*** Opening SOURCE DATA ***

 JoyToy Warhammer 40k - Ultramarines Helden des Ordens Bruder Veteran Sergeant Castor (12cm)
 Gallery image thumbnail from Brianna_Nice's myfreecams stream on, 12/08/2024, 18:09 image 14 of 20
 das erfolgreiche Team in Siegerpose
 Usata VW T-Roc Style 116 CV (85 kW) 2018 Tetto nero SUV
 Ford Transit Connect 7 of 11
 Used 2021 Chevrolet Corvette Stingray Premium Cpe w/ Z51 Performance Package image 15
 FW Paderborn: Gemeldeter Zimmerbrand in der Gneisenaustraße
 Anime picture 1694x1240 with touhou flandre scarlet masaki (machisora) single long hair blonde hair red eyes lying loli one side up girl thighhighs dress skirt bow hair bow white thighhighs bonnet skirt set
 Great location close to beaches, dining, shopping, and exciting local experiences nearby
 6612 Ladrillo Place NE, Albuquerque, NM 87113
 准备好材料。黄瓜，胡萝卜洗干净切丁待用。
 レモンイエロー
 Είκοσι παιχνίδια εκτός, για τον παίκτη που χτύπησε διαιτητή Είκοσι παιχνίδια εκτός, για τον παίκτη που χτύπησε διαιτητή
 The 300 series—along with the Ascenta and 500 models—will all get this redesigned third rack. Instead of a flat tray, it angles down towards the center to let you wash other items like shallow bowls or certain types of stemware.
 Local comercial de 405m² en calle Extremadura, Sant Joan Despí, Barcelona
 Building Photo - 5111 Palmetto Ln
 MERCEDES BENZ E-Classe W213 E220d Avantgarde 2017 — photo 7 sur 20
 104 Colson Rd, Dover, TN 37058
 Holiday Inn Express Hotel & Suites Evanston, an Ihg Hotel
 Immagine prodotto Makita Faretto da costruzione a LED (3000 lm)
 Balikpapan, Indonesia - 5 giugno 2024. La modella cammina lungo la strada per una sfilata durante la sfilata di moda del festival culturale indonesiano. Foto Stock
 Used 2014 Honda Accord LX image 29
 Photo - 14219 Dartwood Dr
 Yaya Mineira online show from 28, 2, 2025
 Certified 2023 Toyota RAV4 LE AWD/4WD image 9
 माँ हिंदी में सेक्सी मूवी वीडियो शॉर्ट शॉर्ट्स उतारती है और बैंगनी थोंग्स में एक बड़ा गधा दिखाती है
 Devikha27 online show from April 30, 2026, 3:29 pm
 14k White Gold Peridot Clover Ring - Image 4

*** Closing SOURCE DATA ***

WORK INSTRUCTION: Start at the line containing "Used 2014 Honda Accord LX image 29" and print each line exactly until the listing ends, keeping the final line too.

EXERCISE RESULT:
 Used 2014 Honda Accord LX image 29
 Photo - 14219 Dartwood Dr
 Yaya Mineira online show from 28, 2, 2025
 Certified 2023 Toyota RAV4 LE AWD/4WD image 9
 माँ हिंदी में सेक्सी मूवी वीडियो शॉर्ट शॉर्ट्स उतारती है और बैंगनी थोंग्स में एक बड़ा गधा दिखाती है
 Devikha27 online show from April 30, 2026, 3:29 pm
 14k White Gold Peridot Clover Ring - Image 4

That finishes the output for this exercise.